Of its total land area, 28.19% or 253,831 hectares are flat to nearly level land. This consists of alluvial plains, river deltas, low wetlands, mangroves, and beaches. Most of these are found contiguous to the bodies of water, especially along the Cagayan, Pared, Dummun, Pinacanauan, Abulug, and Chico rivers. These areas are planted to rice and corn, subjected to frequent floods during the wet season.
The gentle and moderate slopes of the province, which constitute 6.08% and 13.48%, respectively of the total land area of the province are mostly contiguous to the level land, enclosing the plains of the meandering rivers and creeks.
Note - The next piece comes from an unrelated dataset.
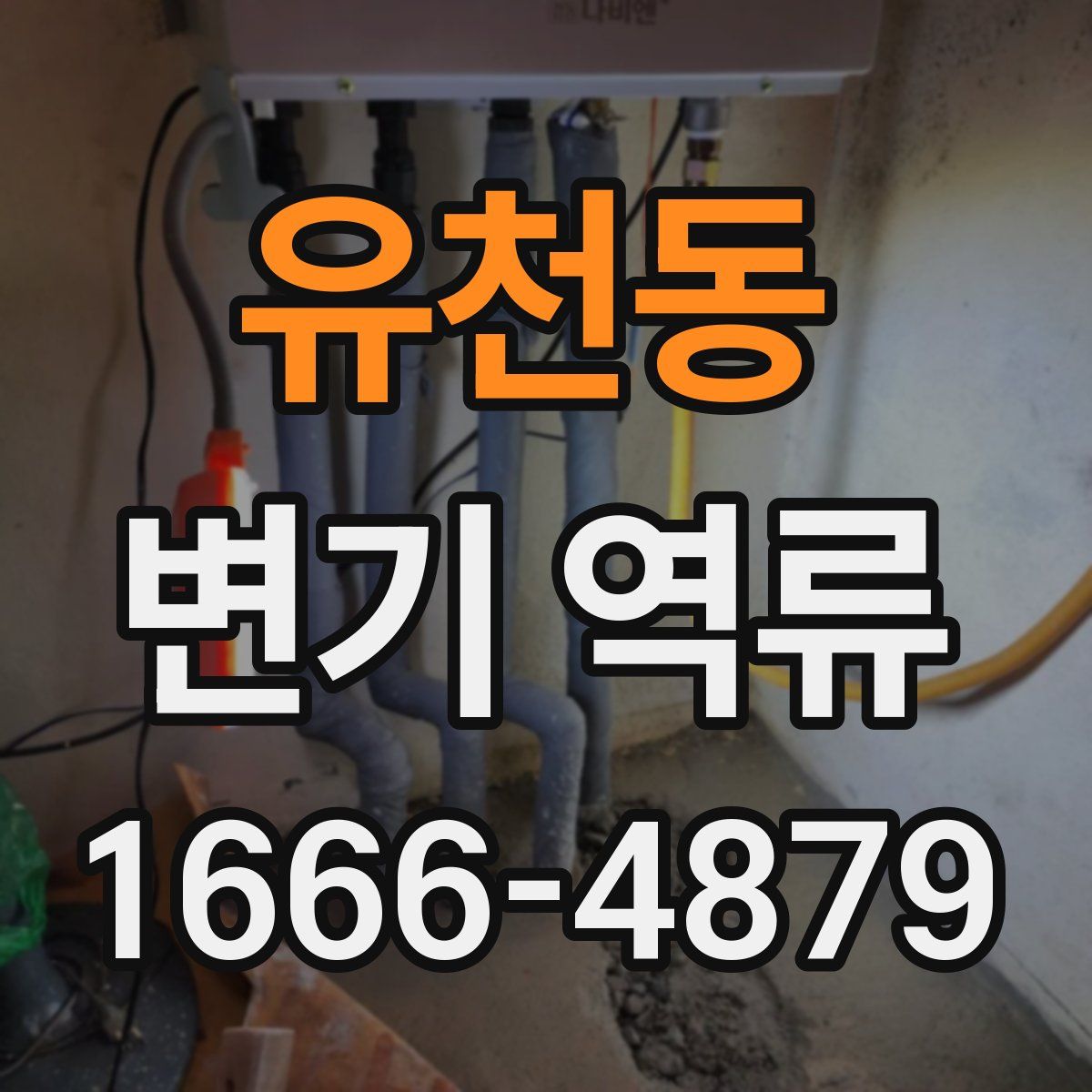 유천동 변기 역류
This arrangement forms the various dales or valleys found in between the hills of the province.
Majority of the rolling land to moderately steep areas which account for 17.07% of the province's total area are found at the foothills of the Sierra Madre and Cordillera mountains, separating the valleys and the mighty ranges.
Steep and very steep land which constitute 10.44% and 24.73%, respectively, of the total land area, or 94,030 hectares and 222,595 hectares, respectively, are found along the Cordilleras, in some parts of Sta. Praxedes, Claveria, Sanchez Mira, Pamplona, Lasam, Sto. Niņo, and Rizal; and in the eastern parts of Santa Ana, Gonzaga, Lal-lo, Gattaran, Baggao and Peņablanca, as the northern mountains of the Sierra Madre range.
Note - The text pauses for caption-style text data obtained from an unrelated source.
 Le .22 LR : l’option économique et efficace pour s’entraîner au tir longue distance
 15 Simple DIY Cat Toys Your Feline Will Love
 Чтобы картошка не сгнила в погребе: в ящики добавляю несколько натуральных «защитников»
The Babuyan group of islands, which include the islands of Calayan, Babuyan, Dalupiri, Balintang and Camiguin, has a mixture of flat to nearly level land, and steep to very steep slopes. These islands have extensive coral reefs. There are two volcanoes in the Babuyan Islands: Mount Didicas off Camiguin island, which has a symmetrical cinder cone, about 215 meters above sea level, and Mount Pangasun in Babuyan island, which is about 840 meters above sea level and has two craters.
Another volcano found in Cagayan is Mount Kagua in Gonzaga in the northeast. It is being considered as a potential source of geothermal energy.